Wednesday, December 07, 2005

A confession about my medical credentials

I have a confession to make. And here it is. When I posted about plastic surgery and my recommendations of things to refrain from indulging in after it is done and over with, I did so regardless of the fact that I did not possess any medical qualifications to do that. I am not a doctor, a surgeon, a nurse, not even the receptionist lady who asks you to go to the inner waiting room to, well, wait. In fact, I am not a professional in any field, not even the field I am supposed to be a professional in. Also, my website has not been accredited by the American Institute of Plastic Surgery. And I can say with a pretty high degree of certainty that I wouldn't even know if such an institute were to exist or not.

So that being said, I have been informed that my recommendations nevertheless, are still valid and should be implemented in practice. In fact, I now feel quite a bit of pride in having been able to offer highly competent advice on post-operative care for a medical topic as complex as plastic surgery without having had any kind of professional training whatsoever. And they say it takes 7 years to get a medical degree. Hah! Suckers!

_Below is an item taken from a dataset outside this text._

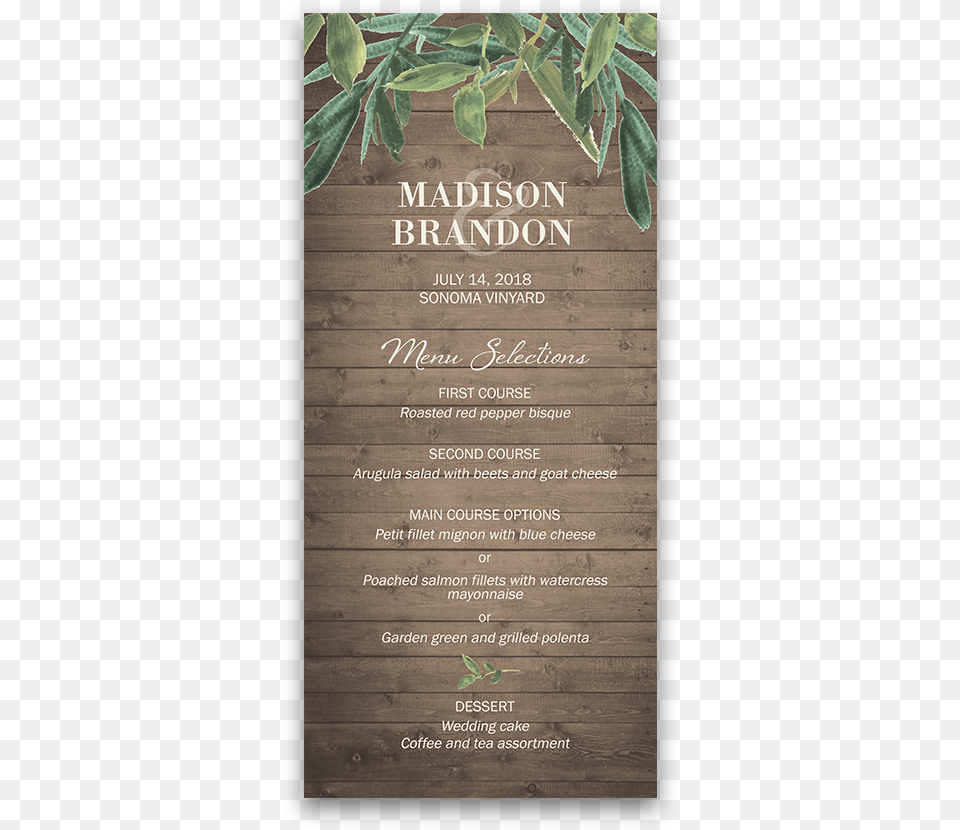 Custom Wedding Menu Rustic Barn Wood And Greenery Cheese Course Wedding Menu, Advertisement, Poster, Text Free Png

I am also thinking of diversifying my pretend medical practice into other areas of expertise, one of which is dog-bites. I am fairly certain of what to do when one gets bitten by a dog. The reason why I am fairly certain is because I was once bitten by a dog and even though it's been quite a while, I can still remember the steps I had to follow to cure that ailment.

Step 1 : Kill the dog with your bare hands. It's ok if you get bitten again. Hey, you've got nothing to lose. You've already been bitten once, so you might as well make a day of it. Getting infected by rabies is like being convicted for murder. You cannot be convicted twice for the same offence.
Step 2 : Wash the wound with some kind of disinfectant.
Step 3 : I do not remember if you need to tie a tourniquet or not. No, that's for snake bites. I'm no expert on snakebites so I won't comment on that.
Step 4 : Rush to the nearest government-run hospital. Take a route you know will be free of stray dogs. After all, you don't want to spread your rabies around in case you have it. After spending two days in the waiting room, get 14 injections in your buttocks. Do not utilize those same syringes to satisfy your cocaine cravings. Purchase different ones. Don't be a cheapskate.
Step 5 : Stay away from all dogs in the future.
Step 6 : After you begin to have nightmares about you having a love affair with Dracula, who curiously seems to possess the face of a dog and culminates in him sinking his teeth into your neck, start seeing a therapist.

So there you are. That is all for now. Hope that helped. Although if you have been recently bitten by a dog, have not yet seeked medical attention and are sitting at your computer reading this in a nonchalant manner, I would advise you to get up, wipe the foam off your mouth that should be in the process of forming there right about now and follow my instructions detailed above. So be gone, dear patient, and be well.

Next up : How to cope with people who mistake humor for expert medical opinion.